One thing I've noticed about the fluval though is that it is quickly depleted of resources - root tablets and water column fertilization are usually recommended.


----------



## RobMc (Oct 3, 2012)

With frequent water changes the cloudiness will eventually go away (just dealt with that in a dirt / sand planted tank) Alternatively you can stuff a bit of batting in your filter to suck the tiniest particles out of the water - you'll probably have to change or clean it once every couple days to keep the flow rate up.


----------



## Kaedious (Nov 25, 2012)

@Babystarz, Yeah Beginning to feel that way, came home to Thai pulling up some blyxa and turning the entire tank filthy within seconds. Any suggestions on Dirting a tank? thinking White sand for cap will this effect the PH levels?

@RobMc, I'm happy you have had so much luck Rob, was probably a bit rough in transit to Australia ha ha.

Filter has already been baffled with some pillow insides, changed them 5 times in 5 days, if there's a slight movement on the bottom of the tank it turns to muck .


----------



## Kaedious (Nov 25, 2012)

On a Side note looking for some suggestions, I think i may have caught something on these forums.

Im in the market to purchase a new 10G (38L) W/Canopy

Can anyone suggest any good filters for such a tank, my preferences are:

Low surface current as it will still be used as a betta tank
Adjustable flow is preferred
Quite as Possible
Small profile
Black intake tube is prefered


----------



## Juicebox (Oct 24, 2012)

nice tank,i hope u get some good growth in there..

where did u get that wood at its nice


----------



## strangelove (Dec 8, 2012)

I love it!


----------



## ChoclateBetta (Jul 22, 2012)

I love the Betta.


----------



## Kaedious (Nov 25, 2012)

Updates coming later today, small amount of plant growth, Thai continues to uproot the Blyxa. Still rocking Crushed fluval stratum haha.


----------



## ChoclateBetta (Jul 22, 2012)

Onion plant is Siamese.


----------



## homegrown terror (Aug 6, 2012)

ChoclateBetta said:


> I am Pretty sure Java fern is South East Asian. Water Onion is from Thialand. Is the grass looking thing Modo grass?
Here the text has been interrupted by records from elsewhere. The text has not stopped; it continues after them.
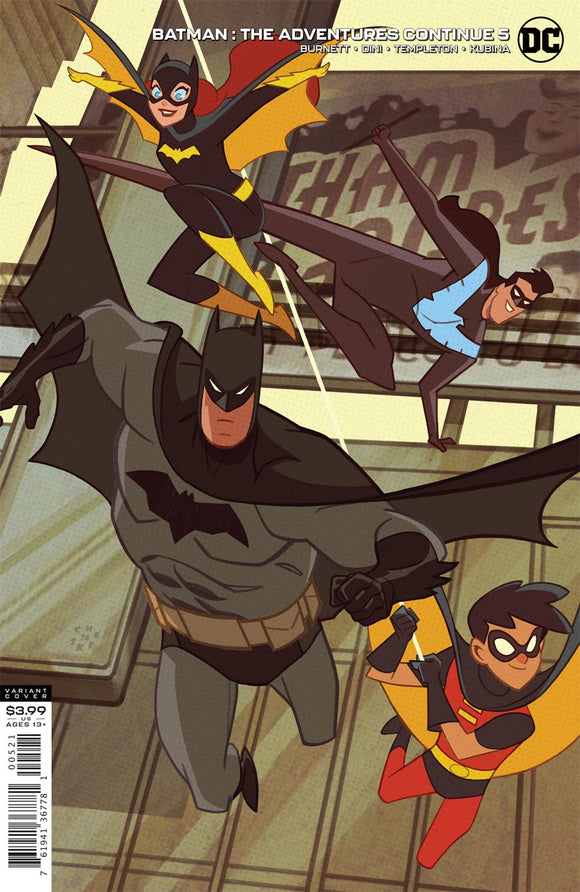 Batman The Adventures Continue #5 Cover B Variant Sean Cheeks Galloway Cover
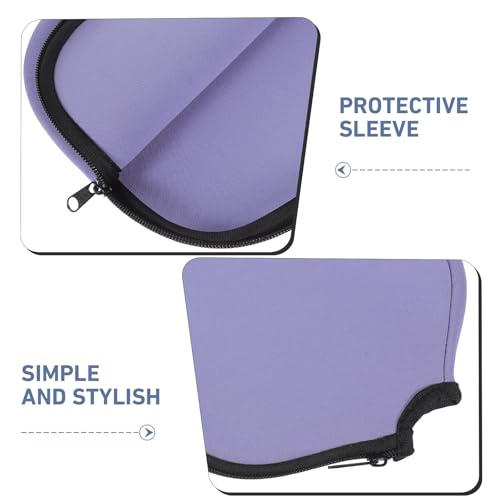Ciieeo Table Tennis Paddle Case Neoprene Paddle Cover Bat Protection Bag Purple Scratch-resistant Storage Sleeve for Indoor Outdoor Use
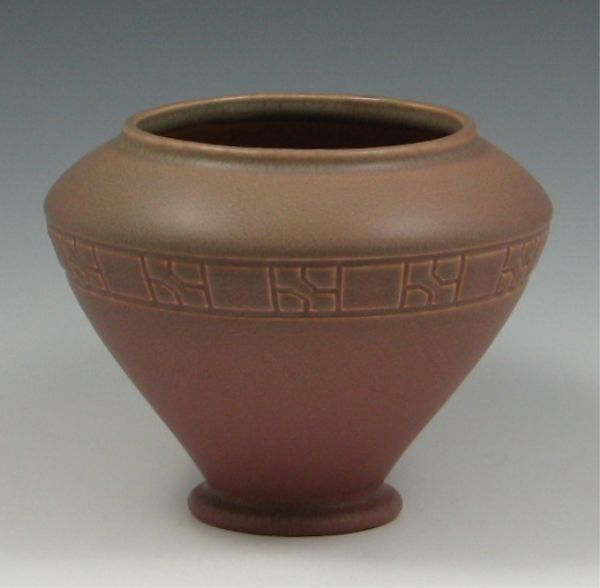 Rookwood 1916 Rose Bowl marked (die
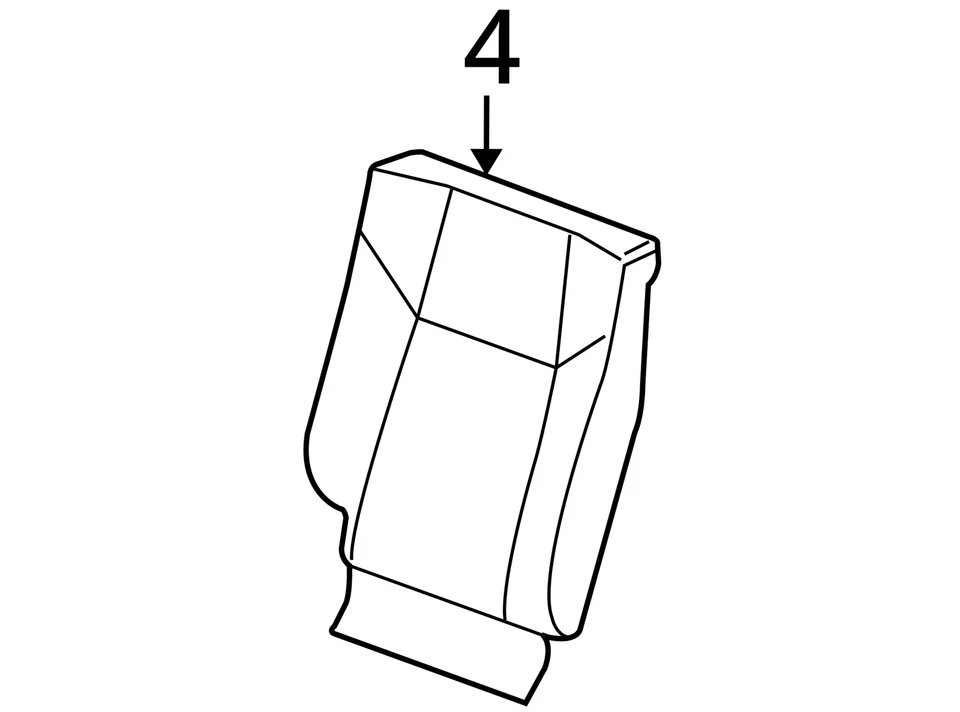 SE ADAPTA A PONTIAC G5 2007-2009 CUBIERTA ASM R/ASIENTO BK CUSH * 20850406 - NUEVO OEM Foto 3 de 3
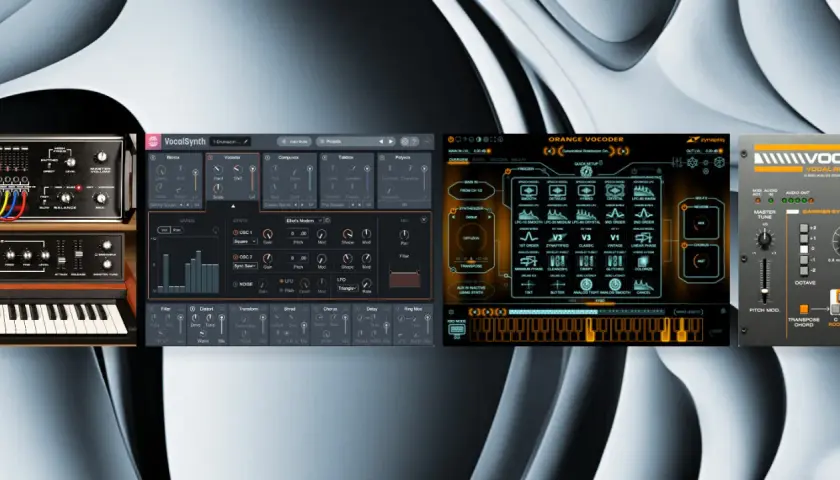 Diverse free vocoder VSTs wie VocalSynth und Orange Vocoder, die für kreative Stimmenbearbeitung genutzt werden können.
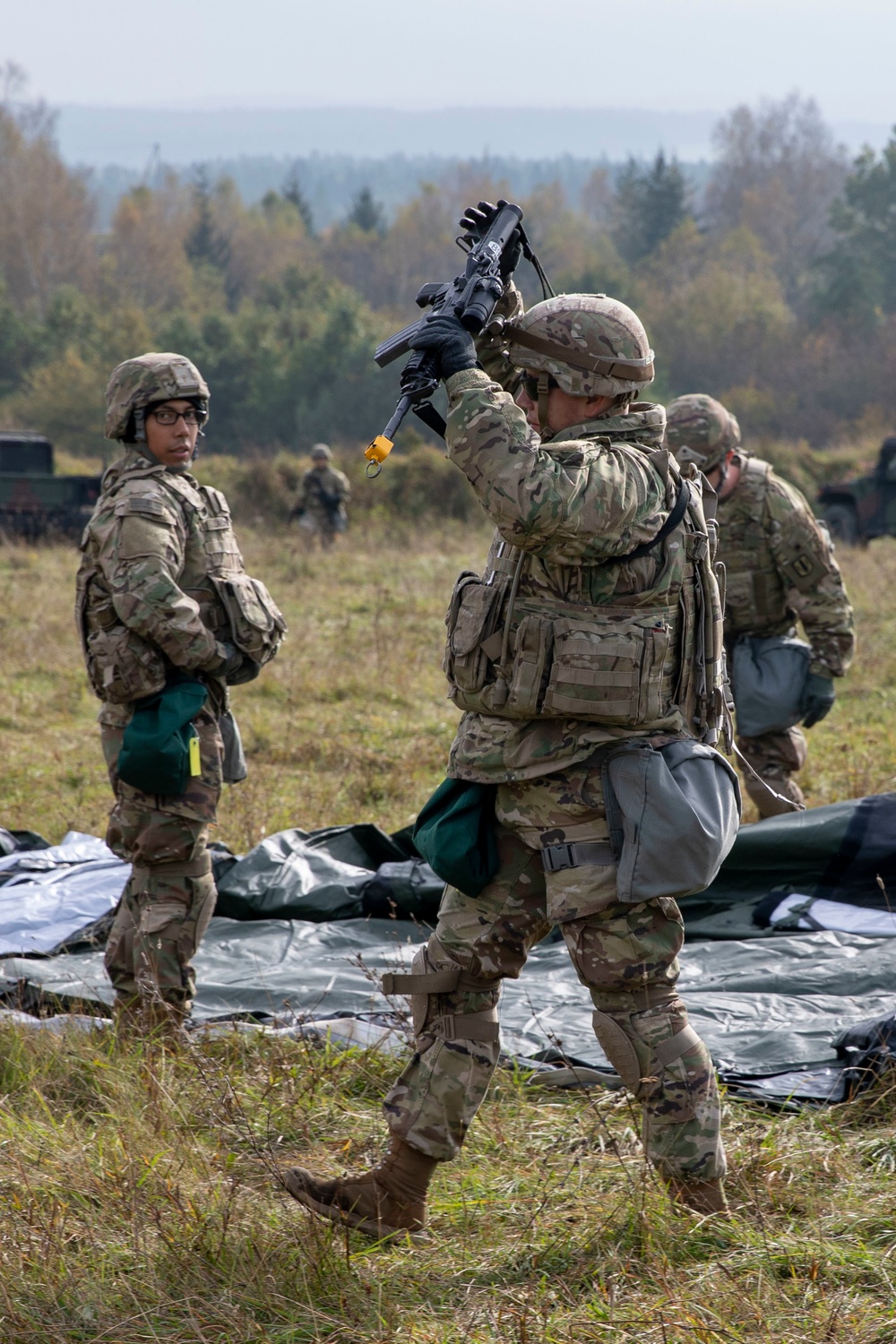 41st Field Artillery Brigade engage in Rail Gunner Lightning, their first field training exercise since reactivation.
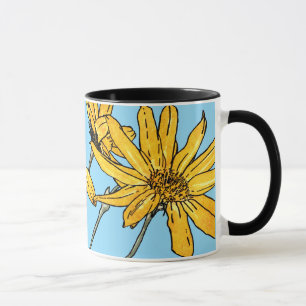 Taza Sunflower Art Nouveau
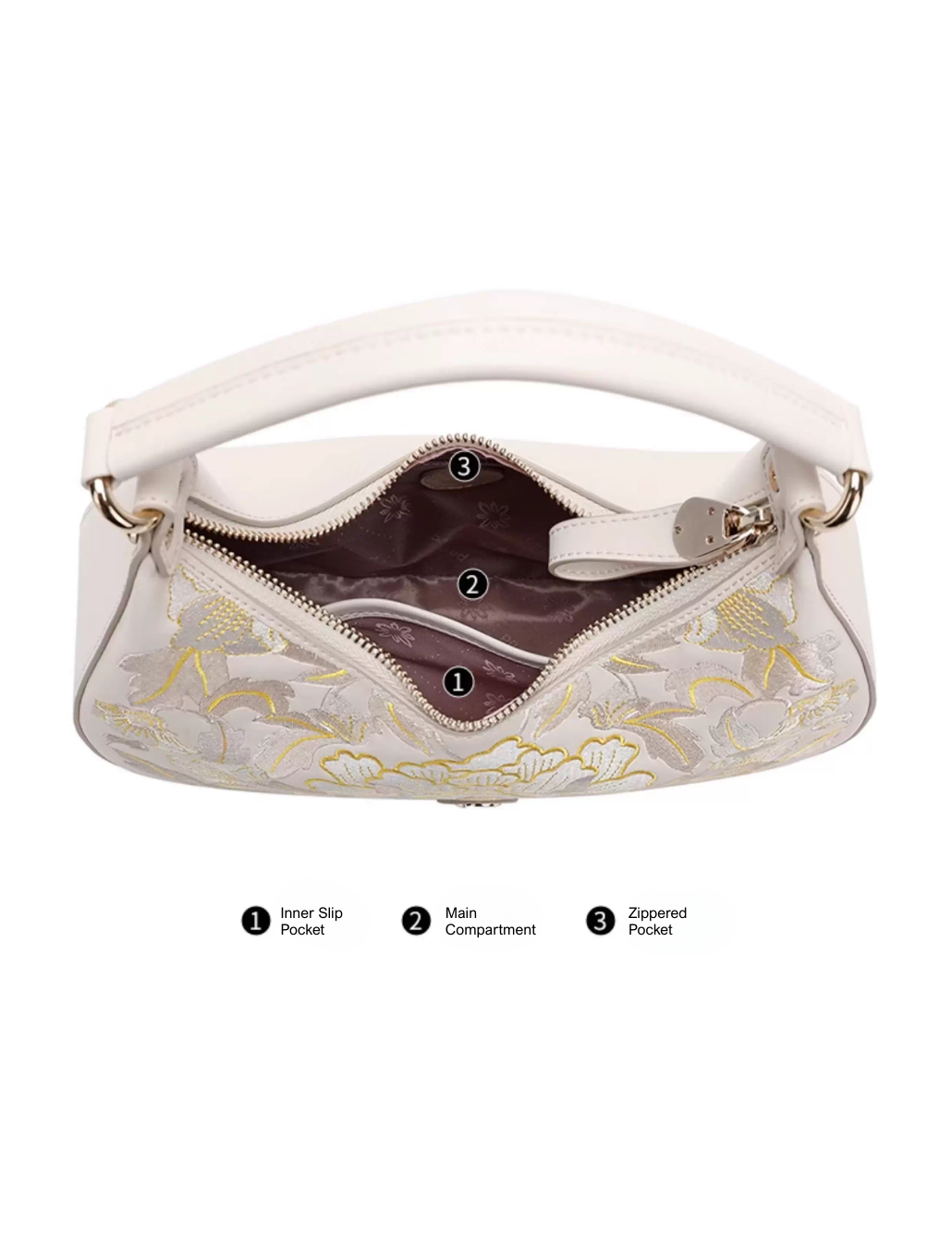 Tang Imperial 25 Embroidered Blossoms Clutch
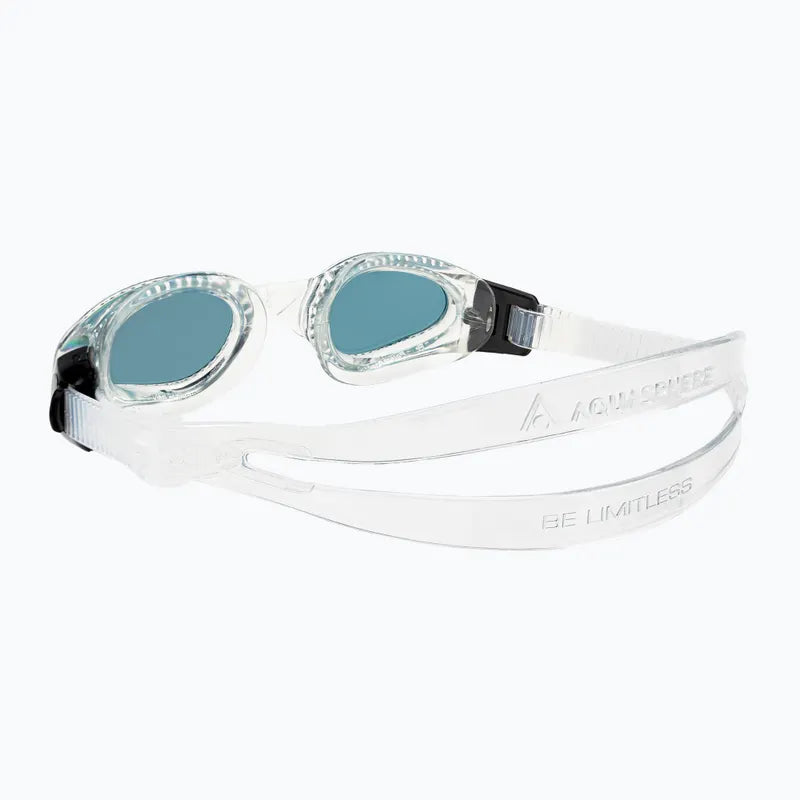 Aqua Sphere Kaiman A1 Swim Goggles - Transparent Frame & Smoke Lens for Swimming, Snorkeling, and Water Sports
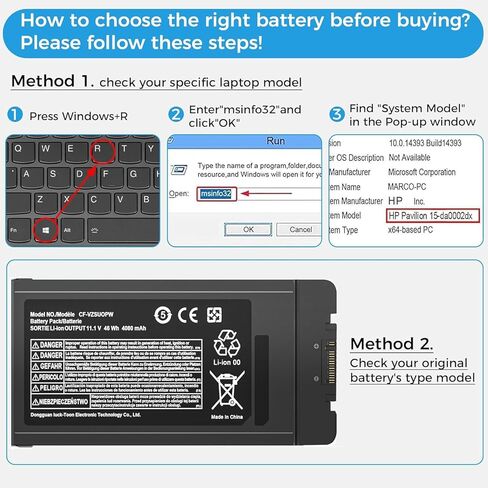 CF-VZSU0PR CF-VZSU0PW Laptop Battery Compatible with Panasonic Toughbook CF54 CF-54 Mk1 Mk2 Mk3 Series 54 Gloved Multi Touch 54 Lite 54 Performance 54 Prime CF-54F9001KM CF-VZSU0GW CF-VZSU0KR 46Wh in Saudi Arabia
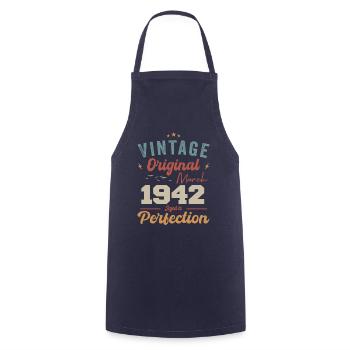 März 1942 Jahrgang geboren Vintage Geburtstag - Kochschürze - Navy - Vorne - AI Model Male 185 dark (185cm)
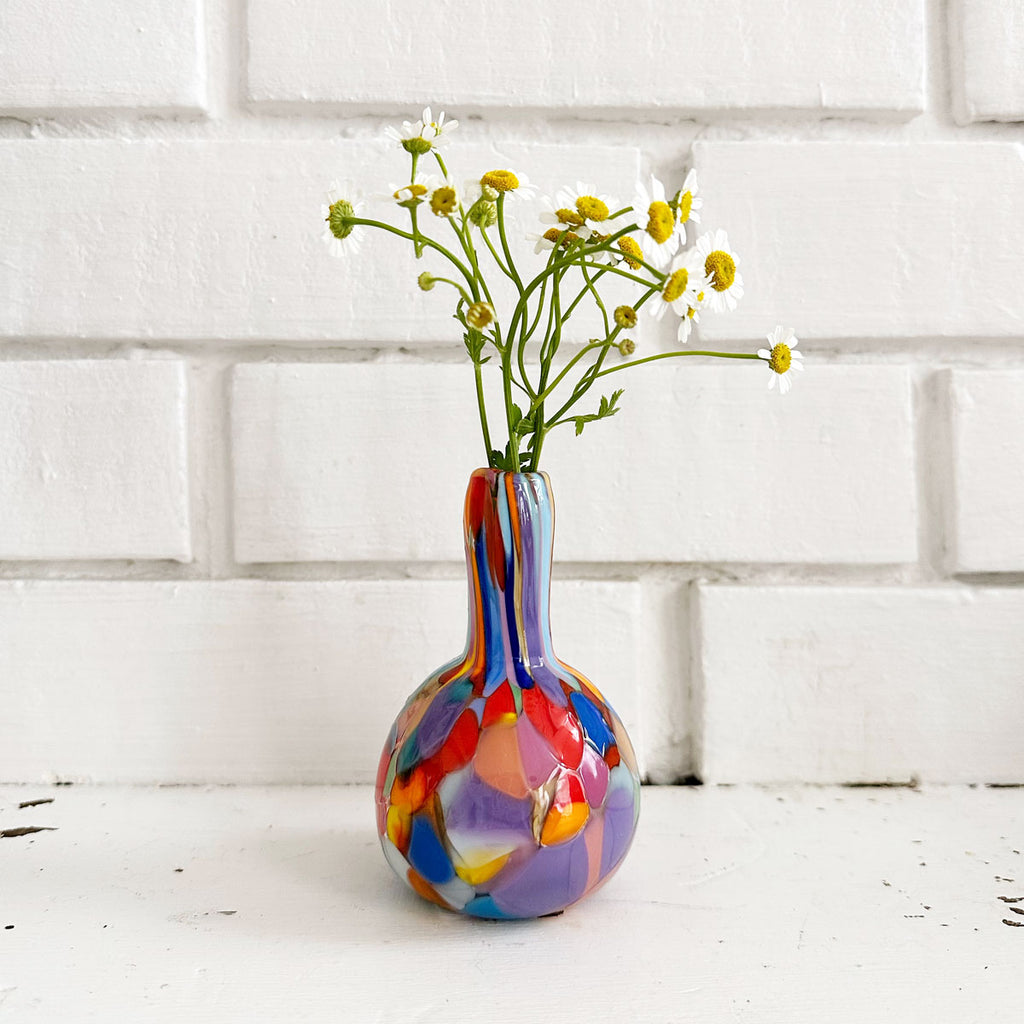 Mini Glass Vase, Rainbow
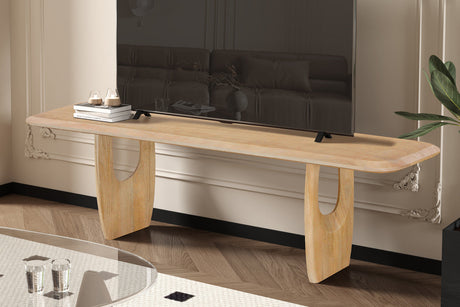 Meuble TV Braga Bois de manguier Amande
i think they're microswords or chain swords. dude seems knowledgable enough to not plant mondo in a tank.


----------



## ChoclateBetta (Jul 22, 2012)

Even the most intelligant will make minor mistakes. I bought Mondo grass to plant in spagnum moss same with peacock fern.I bought my Argintine Swordtail in a tube.


----------



## Goldie2nd (Apr 16, 2012)

I like Thai and the tank is lovely


----------



## ChoclateBetta (Jul 22, 2012)

I just throw plants in.


----------



## bryzy (Nov 3, 2012)

It looks so natural!!


----------



## ChoclateBetta (Jul 22, 2012)

I love Driftwood. I keep moss and Java fern on mine.


----------